Some workflows are shorter than others, but in the journalism side the workflows tend to bottom out at a day and max out at a few months (for the workflow, but is ultimately dependent on the weight of the story)...

Most of that is handled above the technology, mind.

The exploration for the right tool(s) is ongoing. I've been leveraged to build one but the status of that clandestine project is in flux to put it lightly. Not sure if I can elaborate on that right now.

Currently, the needs and preferences vary so much that there are many different services used, but the company is seeking to centralize some efforts (like content generation and management) and externalize others (like distribution).

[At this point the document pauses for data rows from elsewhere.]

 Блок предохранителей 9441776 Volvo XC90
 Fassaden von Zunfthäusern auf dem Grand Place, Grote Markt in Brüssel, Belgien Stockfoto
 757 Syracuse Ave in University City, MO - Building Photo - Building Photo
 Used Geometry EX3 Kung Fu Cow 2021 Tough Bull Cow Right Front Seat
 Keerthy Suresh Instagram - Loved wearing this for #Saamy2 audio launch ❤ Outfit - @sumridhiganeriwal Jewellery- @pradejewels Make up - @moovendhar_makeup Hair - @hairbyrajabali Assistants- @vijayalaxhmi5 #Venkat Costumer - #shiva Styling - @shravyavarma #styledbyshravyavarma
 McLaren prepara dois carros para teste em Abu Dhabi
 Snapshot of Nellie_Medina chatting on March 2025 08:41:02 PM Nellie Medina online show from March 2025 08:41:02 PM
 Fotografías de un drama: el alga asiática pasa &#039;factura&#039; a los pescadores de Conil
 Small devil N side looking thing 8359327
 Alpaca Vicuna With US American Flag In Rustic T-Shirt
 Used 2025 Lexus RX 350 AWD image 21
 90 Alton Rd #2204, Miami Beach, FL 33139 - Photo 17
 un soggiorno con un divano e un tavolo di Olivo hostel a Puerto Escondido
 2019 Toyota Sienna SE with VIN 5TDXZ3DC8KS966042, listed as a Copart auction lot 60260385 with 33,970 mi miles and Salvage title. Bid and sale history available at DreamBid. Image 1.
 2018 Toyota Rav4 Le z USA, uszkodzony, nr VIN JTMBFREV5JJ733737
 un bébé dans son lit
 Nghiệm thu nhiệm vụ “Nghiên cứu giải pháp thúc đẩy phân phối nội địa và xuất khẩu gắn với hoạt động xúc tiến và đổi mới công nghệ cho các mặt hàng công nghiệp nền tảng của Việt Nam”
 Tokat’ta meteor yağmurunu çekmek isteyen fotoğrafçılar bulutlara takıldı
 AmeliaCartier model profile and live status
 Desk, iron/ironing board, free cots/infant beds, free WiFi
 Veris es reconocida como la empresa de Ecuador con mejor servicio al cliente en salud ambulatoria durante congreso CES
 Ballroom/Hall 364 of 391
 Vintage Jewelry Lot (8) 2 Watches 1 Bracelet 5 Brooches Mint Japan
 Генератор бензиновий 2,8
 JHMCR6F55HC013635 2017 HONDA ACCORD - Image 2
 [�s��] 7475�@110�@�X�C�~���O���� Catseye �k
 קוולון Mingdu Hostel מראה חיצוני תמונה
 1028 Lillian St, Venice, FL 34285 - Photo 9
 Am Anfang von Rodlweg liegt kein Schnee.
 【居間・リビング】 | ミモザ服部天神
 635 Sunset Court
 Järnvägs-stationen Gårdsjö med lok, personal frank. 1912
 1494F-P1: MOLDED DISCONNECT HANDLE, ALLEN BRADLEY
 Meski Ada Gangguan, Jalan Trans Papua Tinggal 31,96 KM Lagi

We basically email stuff around and then when it gets stuck somewhere follow up with another email / conference call to move it forward again. If it keeps getting stuck or doesn't move it's obviously not an important process so it falls out of the loop.
kafka streams and spark jobs.
Our system is based on the Camunda process engine (in a Java EE environment). There's a central process server (or cluster) running the process engine, with events to start process instances.

Workflows are defined using bpmn and then executed by the engine. Errors are reported to the process engine as "Incident", which then show up in the management ui/apis. These can be retried any number of times.

We also have an older system based on Carnot/Stardust/IPP. This one used JMS messages everywhere.

Interesting, I'm looking into Camunda right now for our processes. How would you describe the experience in terms of adoption and results ?
Process modeling requires some reading up front, I think. Integration into our application was relatively easy - activities implemented as Java classes with a reasonably good API.

As for results, we are quite happy with camunda. No issues with performance, incident handling, etc. We have about 100k new process instances/day, with 5-10 steps per process (3 different processes), some of which run over multiple days.

Not OP, but we built a product around it and though Camunda is reliable and fast enough for our use, the developer experience is pretty gross.

The BPMN gets saved out as an XML document, but the editor doesn't do a good job of making the format consistent. This makes changes to the BPMN basically impossible to code review without downloading the old and new copies and visually inspecting, which is a chore for large workflows. Especially when variable inputs and outputs require clicking into each node.

Small code snippets in either JS or a Java plugin (jar) can be embedded and used to massage variables and track state. These are also difficult to code review and test as you essentially need to write a harness that mimics Camunda to run them.

All of our new products are using simpler workflows via FaaS and queues (RabbitMQ). If we ever needed large workflows again I'd lean towards something like Airflow.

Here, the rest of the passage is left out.